These are three things a natural politician doesn't need his mother to
tell him.

In David Maraniss's biography of Gore we learn that when Harry McPherson
was helping President Clinton select a vice president, he was shocked
and disturbed by the fact that none of Al Gore's colleagues liked him.
"Damn, the guy has no friends!" McPherson recalled thinking. When a
politician has no friends, it is a pretty clear sign that he is not a
normal politician.

The qualities his parents endeavored so hard to imprint on their son
would have greatly improved a natural like, say, Bill Clinton. But when
imprinted on a man who has no feel for the profession they are
profoundly dangerous as we are learning now. According to various news
reports, Al Gore spends all day managing his legal assault. He demands
that all members of the Gore team wear Blackberry handheld e-mail
devices so he can dash off commands at any hour. He works the cell
phone and the laptop. He calls even junior lawyers working on obscure
aspects of one of his numerous legal actions.
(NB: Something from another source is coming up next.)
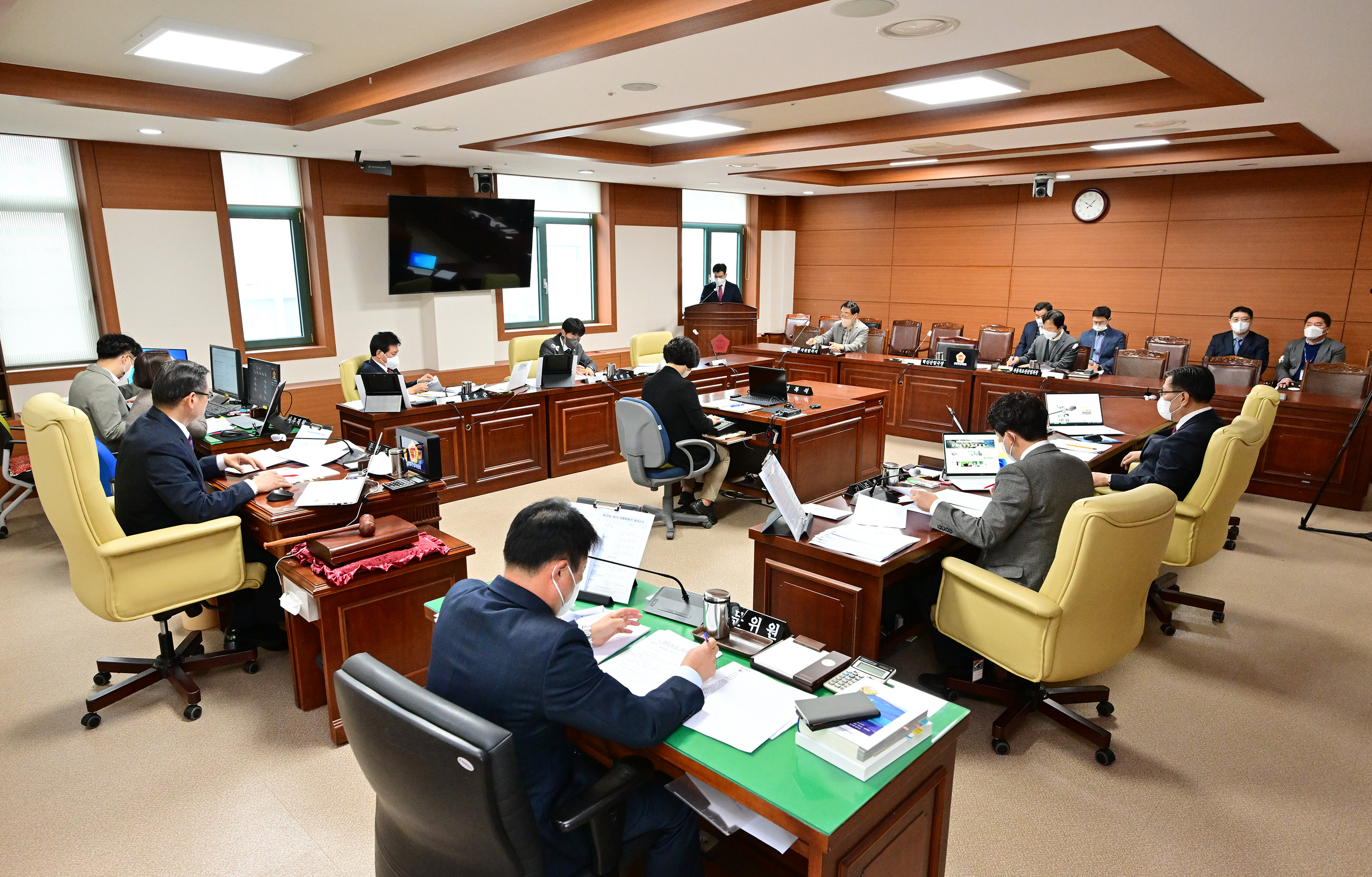 산업건설위원회, 울산광역시 자동차산업 육성 및 지원 조례안 등 심사1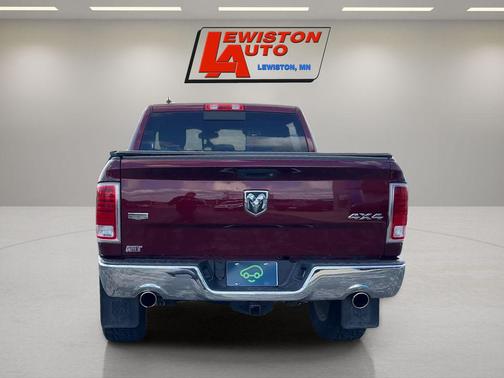 Delmonico Red Pearlcoat 2016 RAM 1500 Laramie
He impresses anyone who
talks to him with his comprehensive knowledge of the nitty-gritty of
Florida election law. He is clearing the field his father set for him.

The tragedy is that a presidential man wouldn't behave like this. It
has nothing to do with whether Gore thinks he won more votes or not.
Let's be honest, that is certainly possible. It doesn't matter that the
republic will likely survive all of this just fine, no matter what
happens. What matters is that Al Gore is willing to risk damage to the
republic. A better man simply wouldn't take the risk. A better
politician would know that's what's happening now.

We all know the story, if not all the facts, about Richard Nixon's loss
in the election of 1960. He felt the election had been stolen.
Whether it was doesn't matter. Nixon thought it was. He chose not to
put the country through a wrenching contest over the results of the
election. He, too, probably knew that the country would in all
likelihood survive a contest of the election results. But the fact
remains that Richard Nixon was unwilling to take the risk. He had a
politician's feel for when enough is enough. Indeed, that instinct
proved useful when he resigned rather than put the country through an
impeachment trial &emdash; something Bill Clinton had no qualms doing.

Meanwhile, Al Gore continues to personally lead his hit squad of
lawyers. There is no sign of compromise or statesmanship in the man,
only dogged determination, rank ambition, and a willingness to throw the
dice on the stability of our constitutional arrangements.

Yes, a politician needs to be prepared to be brutal. But he also must
know when to be brutal. A natural politician knows when to pull back
and when to unleash thunder and fury. Al Gore doesn't seem to have the
natural instinct, the simple human internal diving rod, that tells good
politicians to stop clearing the field like their Daddy wants them to,
and to simply walk off the field. That is a disturbing thing to learn
about a man who may end up being the next president of the United
States, especially when the voters themselves can't do a thing about it.